== Input data
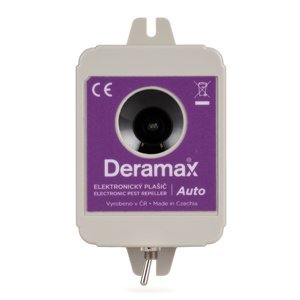 Deramax Auto - bateriový ultrazvukový odpuzovač kun a hlodavců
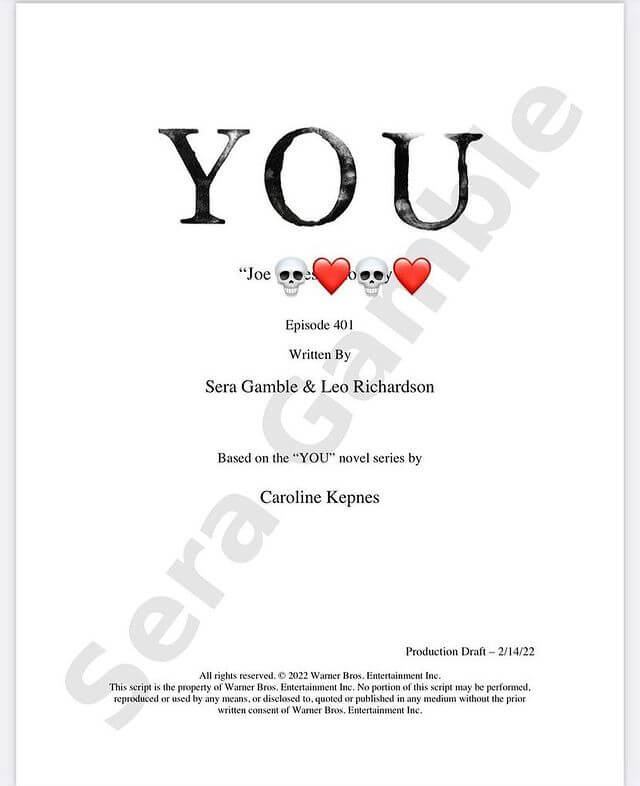 Fecha de lanzamiento de Netflix de la temporada 4 de 'You' y qué esperar 15 usted temporada 4 episodio 1 borrador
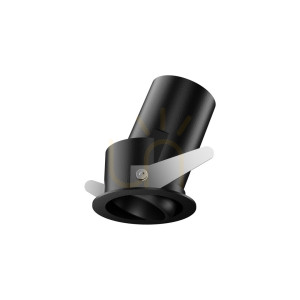 Oprawa wpuszczana Ideallux QUARK 322971 czarna LED 9W 3000K fi 5,8 cm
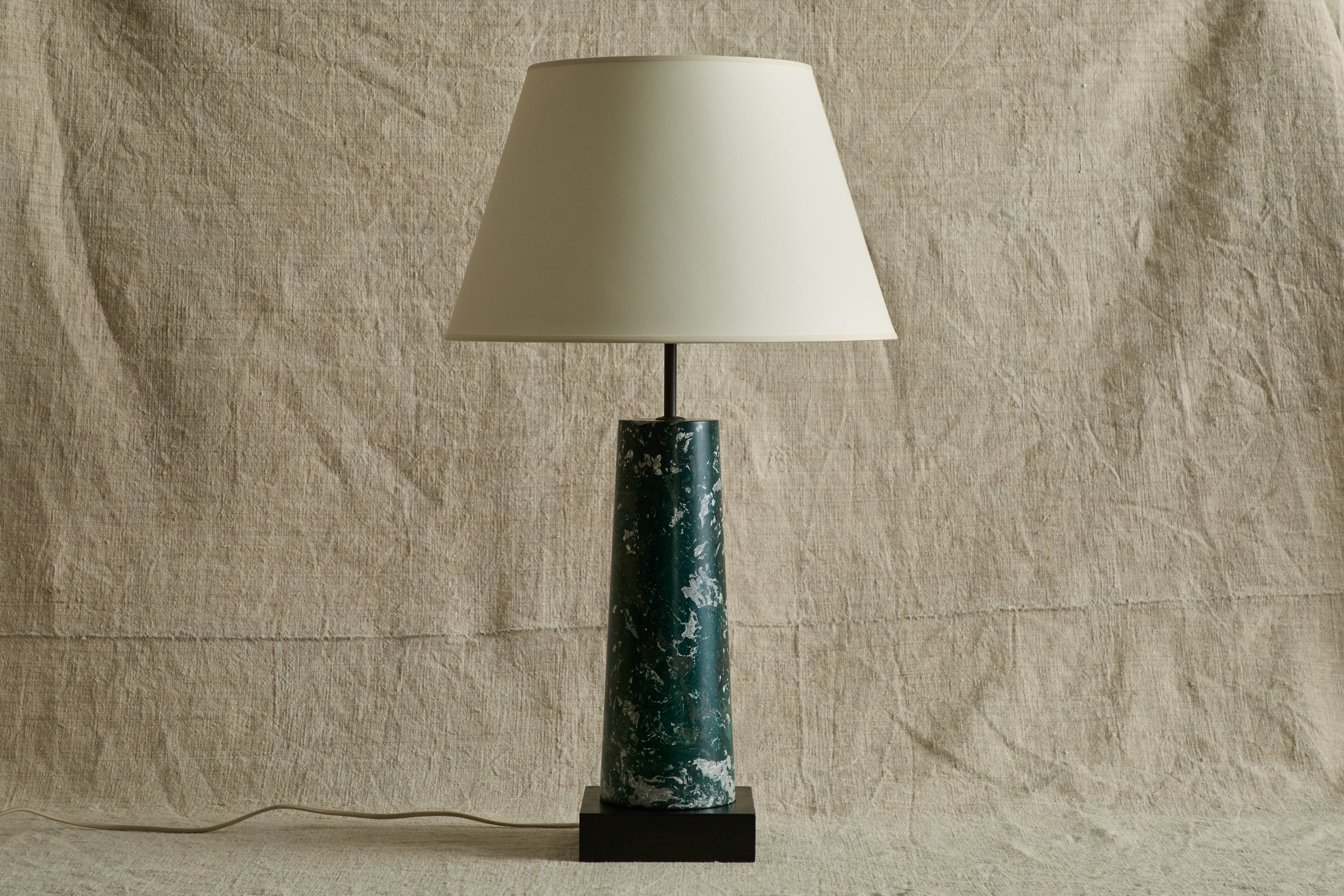 Scagliola Table Lamp, Swedish Green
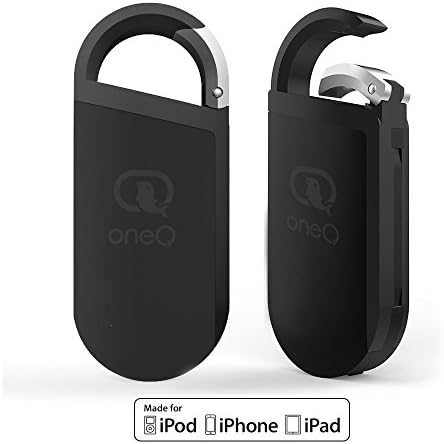 OneQ Lightning Flash Drive, OneQ Key chain 3 in 1 External Storage Memory Stick Lightning / OTG Connector with Power Station for Apple iOS iPhone iPad Mac PC (Black 32GB)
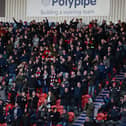 Doncaster Rovers supporters in the Keepmoat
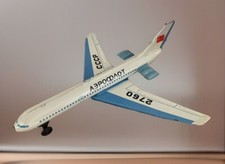 Soviet Union Russian AEROFLOT USSR Metal Dye Cast Model CCCP2760 Friction Wheels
====
### Exercise
Without the pictures, set down every entry exactly.

### Result of this task
 Deramax Auto - bateriový ultrazvukový odpuzovač kun a hlodavců
 Fecha de lanzamiento de Netflix de la temporada 4 de 'You' y qué esperar 15 usted temporada 4 episodio 1 borrador
 Oprawa wpuszczana Ideallux QUARK 322971 czarna LED 9W 3000K fi 5,8 cm
 Scagliola Table Lamp, Swedish Green
 OneQ Lightning Flash Drive, OneQ Key chain 3 in 1 External Storage Memory Stick Lightning / OTG Connector with Power Station for Apple iOS iPhone iPad Mac PC (Black 32GB)
 Doncaster Rovers supporters in the Keepmoat
 Soviet Union Russian AEROFLOT USSR Metal Dye Cast Model CCCP2760 Friction Wheels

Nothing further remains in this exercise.